My name is John Samples. I am Director of the Center for Representative Government at The Cato Institute.

I want to thank you Mr. Chairman for inviting me to testify before the committee about election reform.

Mr. Chairman, the United States of America is the greatest example of what James Madison called “popular rule.” We enjoy a legacy of democratic rights and obligations that remains the envy of the world. Differences notwithstanding, we all agree that the franchise is sacred and should be above mere partisan or individual advantage. At the same time, in the spirit of the Founding Fathers, we seek to improve our political system when necessary and possible. I appreciate the opportunity to testify today about some shortcomings of our current electoral system.

In 1994, Congress passed the National Voter Registration Act (popularly known as the “Motor Voter Act”). Congress succinctly stated the aims of the law:

  • to establish procedures that will increase the number of eligible citizens who register to vote in elections for Federal office;
  • to make it possible for Federal, State, and local governments to implement this Act in a manner that enhances the participation of eligible citizens as voters in elections for Federal office;
  • to protect the integrity of the electoral process;
  • to ensure that accurate and current voter registration rolls are maintained.

The National Voter Registration Act has clearly fulfilled one of those purposes. Registration rolls grew by 20 percent from 1994 to 1998. Yet enhanced voter registration was never an end in itself. Many activists and experts believed the United States suffered from declining voter participation and that increasing registration would lead to higher voter turnout. Both of these beliefs have turned out to be wrong.

For many years political scientists saw a steady decline in the electoral turnout of the voting age population and as a percentage of registered voters. Leaders in the discipline also thought that reducing the costs of voting — primarily through easier registration — would arrest this steady decline and fortify American democracy. The National Voter Registration Act thus grew out of the findings of political science.

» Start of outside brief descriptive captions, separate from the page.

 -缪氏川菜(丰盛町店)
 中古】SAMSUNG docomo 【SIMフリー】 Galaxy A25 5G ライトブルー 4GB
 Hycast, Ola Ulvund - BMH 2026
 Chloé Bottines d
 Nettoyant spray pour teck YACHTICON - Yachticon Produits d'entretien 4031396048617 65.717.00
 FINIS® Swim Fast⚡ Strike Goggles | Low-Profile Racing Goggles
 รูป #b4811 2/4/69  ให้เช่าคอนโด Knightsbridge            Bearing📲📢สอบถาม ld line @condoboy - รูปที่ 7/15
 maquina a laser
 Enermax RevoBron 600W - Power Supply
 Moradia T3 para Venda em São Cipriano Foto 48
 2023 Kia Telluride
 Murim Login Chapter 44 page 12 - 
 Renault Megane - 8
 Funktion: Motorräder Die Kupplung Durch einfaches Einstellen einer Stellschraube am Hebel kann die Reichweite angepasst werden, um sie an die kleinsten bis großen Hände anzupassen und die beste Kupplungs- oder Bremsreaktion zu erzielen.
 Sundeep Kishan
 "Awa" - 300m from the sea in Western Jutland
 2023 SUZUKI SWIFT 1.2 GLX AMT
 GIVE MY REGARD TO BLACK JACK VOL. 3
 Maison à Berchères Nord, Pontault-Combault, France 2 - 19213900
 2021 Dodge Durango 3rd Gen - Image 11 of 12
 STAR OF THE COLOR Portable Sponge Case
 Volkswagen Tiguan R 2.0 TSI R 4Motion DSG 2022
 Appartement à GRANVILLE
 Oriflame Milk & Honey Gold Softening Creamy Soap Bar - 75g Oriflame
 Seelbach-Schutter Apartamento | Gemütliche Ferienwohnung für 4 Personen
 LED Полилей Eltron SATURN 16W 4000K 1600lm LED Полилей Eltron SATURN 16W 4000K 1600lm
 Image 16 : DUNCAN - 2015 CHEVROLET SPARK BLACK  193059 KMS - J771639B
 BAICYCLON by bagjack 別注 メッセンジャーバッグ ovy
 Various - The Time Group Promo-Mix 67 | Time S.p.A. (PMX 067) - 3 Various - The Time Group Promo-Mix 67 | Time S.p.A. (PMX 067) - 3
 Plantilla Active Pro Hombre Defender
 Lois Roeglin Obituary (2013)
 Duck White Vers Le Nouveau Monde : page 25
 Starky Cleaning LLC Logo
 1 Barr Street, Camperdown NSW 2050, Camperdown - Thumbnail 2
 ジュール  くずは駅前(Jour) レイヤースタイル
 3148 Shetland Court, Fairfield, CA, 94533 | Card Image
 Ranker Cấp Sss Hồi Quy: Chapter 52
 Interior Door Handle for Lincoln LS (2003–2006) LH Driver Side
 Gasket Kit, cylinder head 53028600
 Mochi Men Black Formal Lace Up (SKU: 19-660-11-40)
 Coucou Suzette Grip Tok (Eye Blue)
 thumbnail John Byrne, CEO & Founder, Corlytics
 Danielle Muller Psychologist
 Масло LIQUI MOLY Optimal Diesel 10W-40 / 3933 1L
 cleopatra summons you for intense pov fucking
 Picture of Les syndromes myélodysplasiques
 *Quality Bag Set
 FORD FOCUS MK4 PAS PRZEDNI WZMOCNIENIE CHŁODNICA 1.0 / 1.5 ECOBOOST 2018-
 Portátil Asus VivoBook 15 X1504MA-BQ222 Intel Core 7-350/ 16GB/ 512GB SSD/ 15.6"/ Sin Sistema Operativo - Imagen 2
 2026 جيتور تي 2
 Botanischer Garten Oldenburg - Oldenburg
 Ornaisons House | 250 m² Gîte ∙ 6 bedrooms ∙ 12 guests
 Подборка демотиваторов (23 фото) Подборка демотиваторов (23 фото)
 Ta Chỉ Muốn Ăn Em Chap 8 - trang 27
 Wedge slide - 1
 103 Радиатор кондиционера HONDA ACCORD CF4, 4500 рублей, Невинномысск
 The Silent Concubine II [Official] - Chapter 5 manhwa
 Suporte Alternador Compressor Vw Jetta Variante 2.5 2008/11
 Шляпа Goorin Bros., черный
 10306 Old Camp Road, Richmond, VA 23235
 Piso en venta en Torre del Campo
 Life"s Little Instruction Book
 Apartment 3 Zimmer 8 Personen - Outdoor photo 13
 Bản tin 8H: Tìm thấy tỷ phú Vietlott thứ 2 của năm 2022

Political scientists have traditionally measured voting turnout as a percentage of the voting age population. Recently political scientists Samuel Popkin and Michael McDonald have shown that “voting age population” is an inaccurate gauge for measuring turnout. The Census Bureau’s estimate of the voting age population includes several categories of persons ineligible to vote: non‐​citizens, disenfranchised felons, persons who have moved to a new residence after registration closed, and the mentally incompetent. Popkin and McDonald have produced a new and more accurate measure of the American population eligible to vote. Figure 1 shows Popkin and McDonald’s revised turnout during Presidential elections as percentage of those eligible to vote. Figure 2 indicates revised turnout during off‐​year elections as proportion of those eligible to vote.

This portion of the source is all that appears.